ECLI:NL:GHARN:2010:BO4789
Gerechtshof Arnhem
- Hoger beroep
- Rechtspraak.nl
Afwijzing verzoek tot toepassing van de schuldsaneringsregeling door Gerechtshof Arnhem
In deze zaak heeft het Gerechtshof Arnhem op 18 november 2010 uitspraak gedaan in hoger beroep over het verzoek van [appellant] tot toepassing van de wettelijke schuldsaneringsregeling. Het verzoek was eerder door de rechtbank Almelo afgewezen op 19 oktober 2010. De appellant, die zich beroept op verstandelijke beperkingen en een onjuist financieel beheer door zijn broer, stelt dat hij zijn financiën inmiddels op orde heeft en geen nieuwe schulden meer maakt. Hij ontvangt begeleiding van de J.P. van der Bentstichting en maakt gebruik van budgetbeheer van de Stadsbank.
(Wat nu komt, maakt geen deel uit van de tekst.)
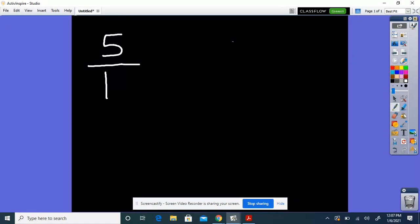Let's do another one — a little more difficult. These aren't too hard. We're going to do 5/12 minus 1/3.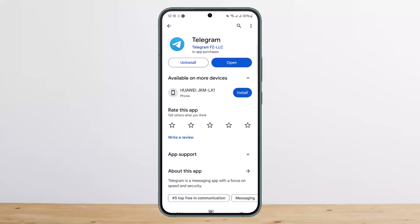If you don't have any access to the phone number you registered your Telegram account with, but you still have an active session, then you'll be able to recover your account. Active session means whether you are logged in on any device or on the web. If you have an active session anywhere, you'll be able to recover your account — otherwise you won't.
Het hof heeft in zijn overwegingen rekening gehouden met de omstandigheden van de appellant, waaronder zijn verstandelijke beperking en de rol van zijn broer in het financiële beheer. Desondanks oordeelt het hof dat de appellant onvoldoende aannemelijk heeft gemaakt dat hij te goeder trouw is geweest in de vijf jaar voorafgaand aan zijn verzoek. Het hof wijst erop dat de appellant verantwoordelijk is voor zijn eigen financiën en dat hij had moeten toezien op de betalingen, vooral gezien eerdere problemen met het financiële beheer door zijn broer.
Het hof concludeert dat, hoewel de appellant zijn best doet om een nieuw begin te maken en begeleiding accepteert, de tijd nog niet rijp is voor de toepassing van de schuldsaneringsregeling. Er is behoefte aan meer concrete resultaten en een stabielere situatie voordat een dergelijke regeling kan worden overwogen. Het hof bekrachtigt daarom het vonnis van de rechtbank en wijst het hoger beroep af.